Reading for Surprise and Discovery

You read for the rush of surprise and discovery.  When you approach nonfiction, you're hopeful of the surprise of discovering some insight to go along with the presented information.  

This is revenge of a sort, for now, you'll have set to memory an event or fact which you're able to associate with a feeling, a considerable contrast to your sense of impatience at being instructed to set basic facts to memory in order that they might become muscle memory, but not in any sense of being able to connect seemingly disparate facts or even related facts.

Whether through flaws in the way you were educated or, to be fair, ways in which you were being lazy, you were for the longest time content to be satisfied with memorizing facts.  Through much of your university days, essay-type examinations and the occasional papers were opportunities to demonstrate what you'd assumed was a better-than-average memory for facts, which you were able to deploy with some logic and commentary.

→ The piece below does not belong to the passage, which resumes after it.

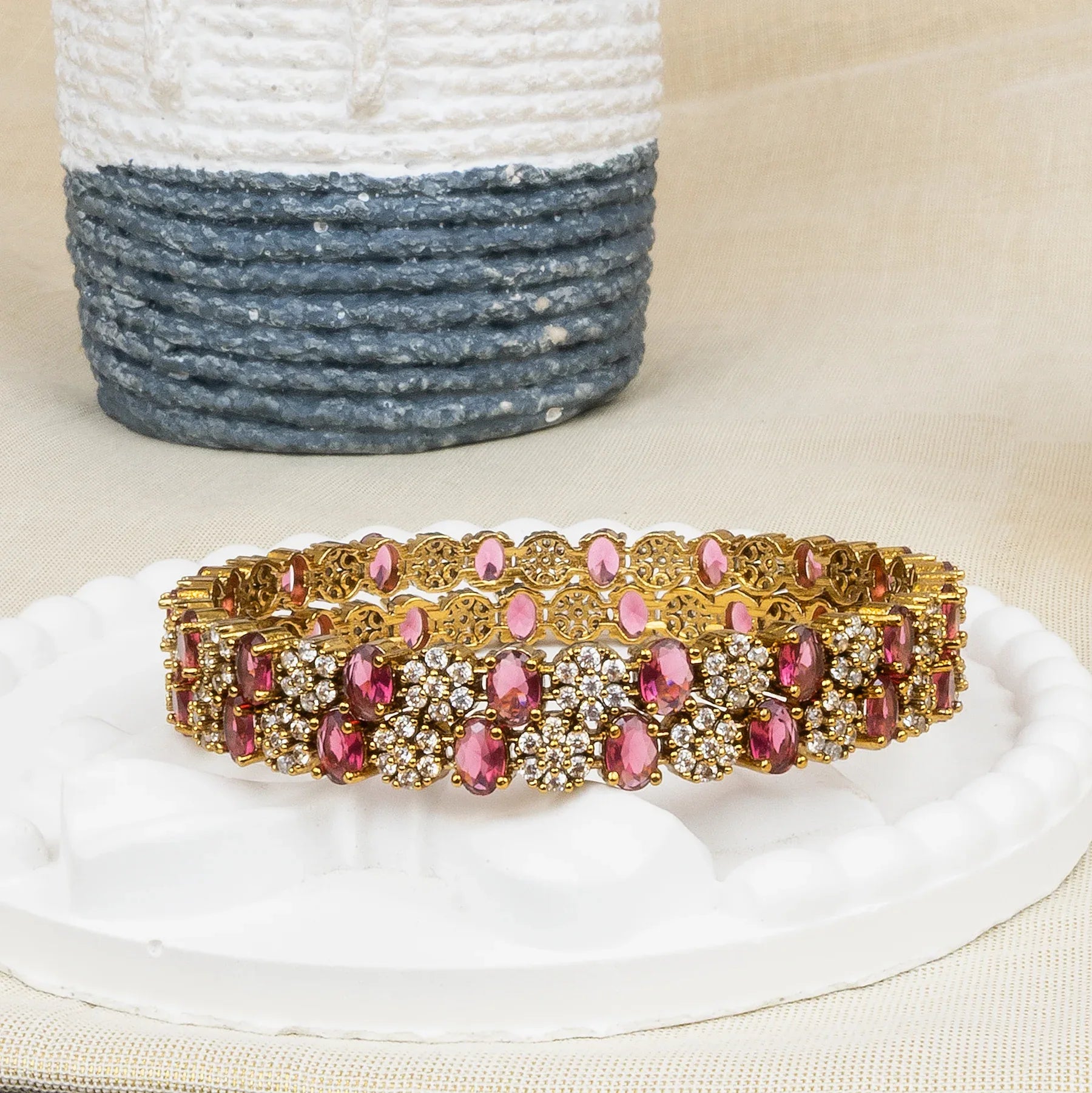 Gold bracelet with pink stones on a white stand with a textured blue and white basket in the background.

Then came your job with the Associated Press and your discovery that writing your examinations as though they were news stories produced startling results.  Your grades went up, and you began to see a connection between fact and event, between event and effect.  

Fiction and poetry were yet another matter.  Reading these for the rush of surprise and discovery led you to seek the resident emotion in every scene, and because of your immersion in wire service forms of journalism, you narrowed your focus to include motive.

Things have been expanding ever since, or to express the matter in a more causal way, you've been making up for the gap between you and your education of the no-nonsense, no-surprise, factual sort and the inferential, unspoken, connective-tissue type of expression, the elephant-in-the-living-room-type of education.  Welcome to the world of reading and rereading, of writing and rewriting.

This is a world of surprise and sensation, where you find yourself taking on scene after scene and paragraph after paragraph any number of times until your internal surprise register signals to you a surprise connection.  No more reliance on speed, rather a delicious realization that for some time you have been improvising with ideas for nonfiction and with responses for fiction.

A significant key here is the awareness that you are powered by some resident desire, say revenge or to take down pomposity or to luxuriate in some new discovery.  That is, in metaphor, the horse you ride, chosen for its personality because, when all the murk and dust are cleared, you wish the work to have a resident attitude.  In order to get it at its best, you must be as fair to all sides as possible, in actuality tilting a bit toward your antipathy in order to add greater weight to it so that your own characters and agenda will have had a workout.

Orwell is a splendid role model.  Much as you admire him, you still attempt to mount the horse Twain rode from time to time, recognizing the strengths and weaknesses he brings to his anger- and outrage-driven essays against pomposity and conservative agenda. 

Deconstructing Didion has helped enormously, ditto a man you nearly let get away from you until you stumbled into a friendship with John Sanford.  John's stories about his own friendship with Nathaniel West and the magical summer of their working on novels in a rented cabin in upstate New York sent you back to The Dream Life of Balso Snell, Miss Lonely Hearts, and The Day of the Locust.

Connections, you have come to recognize, have given a purpose to all those facts you ingested without knowing why; they influence your present day diet of facts.  The world is a random place, filled with enormous stretches of beauty and similar patches of grim, despair-laden detritus.  Your part is to inspect samples of each, then try to make some useful sense of them.

Your world requires more connections and fewer factoids.